Setki fanów czekają na premierę Harrego Pottera
Setki młodych wielbicieli Harry'ego Pottera zbierają się w centrum Londynu w nadziei, że przy okazji światowej premiery najnowszego filmu o młodym czarodzieju będą mieli okazję zobaczyć występujących w nim aktorów.
07.07.2009 | aktual.: 07.07.2009 17:30
Wczesnym wieczorem po czerwonym dywanie przed projekcją filmu "Harry Potter i Książę Półkrwi" na Leicester Square mają przejść odtwórca głównej roli Daniel Radcliffe i jego filmowi partnerzy. Pojawi się też Rupert Grint - filmowy Ron Weasley - który wrócił do zdrowia po tym jak niedawno zaraził się nową odmianą grypy.
Młodzi aktorzy mają mieć białe wstążki. Oddadzą w ten sposób hołd swojemu koledze Robowi Knoxowi, zasztyletowanemu w maju 2008 roku w londyńskim barze, kiedy stanął w obronie brata. W szóstej części przygód czarodzieja Knox zagrał Marcusa Belby'ego, jednego z uczniów Szkoły Magii i Czarodziejstwa w Hogwarcie.

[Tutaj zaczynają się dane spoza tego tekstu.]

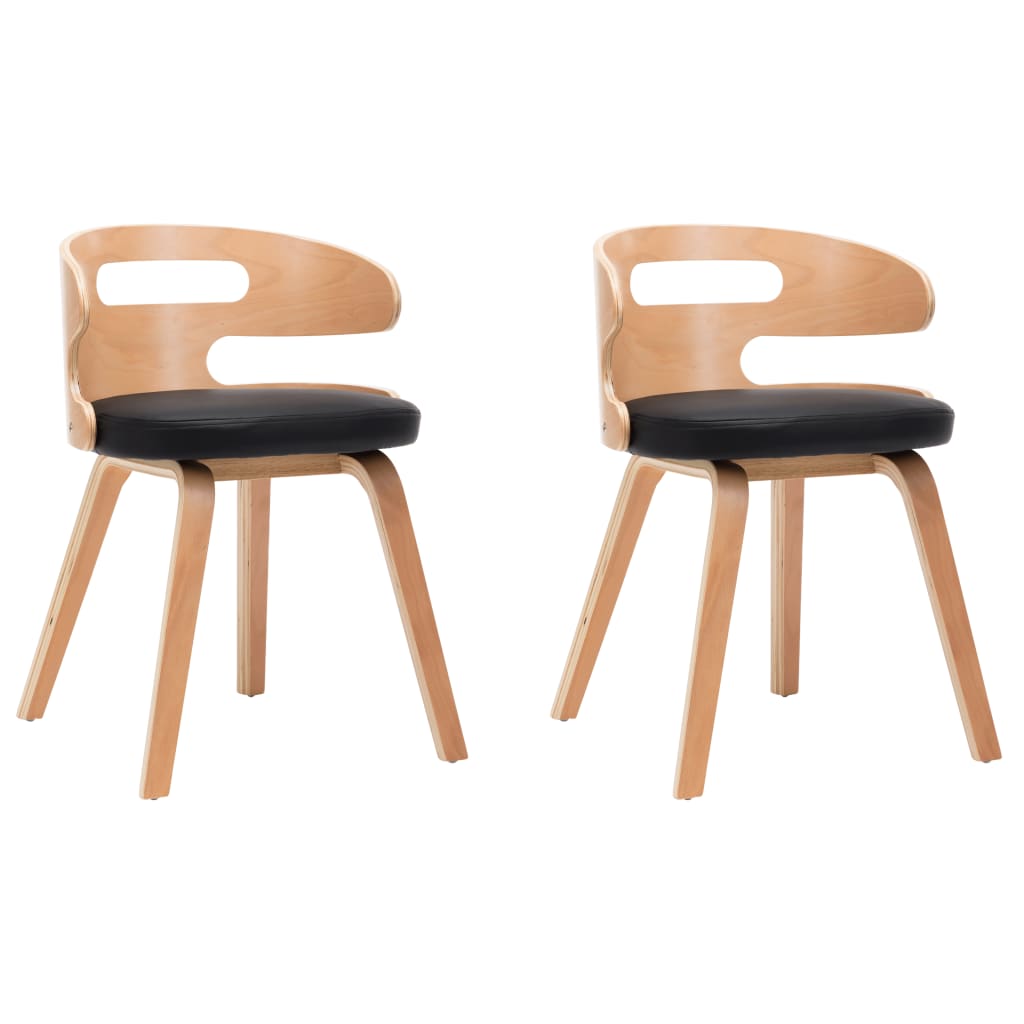 Eetkamerstoelen 2 st gebogen hout en kunstleer zwart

Najzagorzalsi fani zebrali się już około południa. Wielu przyniosło związane z Harrym Potterem gadżety - okulary w drucianej oprawie czy magiczne różdżki.
Jedna z oczekujących osób, 18-letnia Maud Laurent, napisała na przyniesionym ze sobą transparencie, że "przyjechała z Miami, żeby zobaczyć Dana". Chodzi oczywiście o 19-letniego Daniela Radcliffe'a. Maud ma nadzieję na autograf adepta magii.
"Harry Potter i Książę Półkrwi" wejdzie na ekrany kin w Europie 15 lipca, a dwa dnie później w USA i Japonii. Film początkowo miał trafić do kin w 2008 roku, a decyzja o przełożeniu premiery spowodowała wielkie rozczarowanie fanów.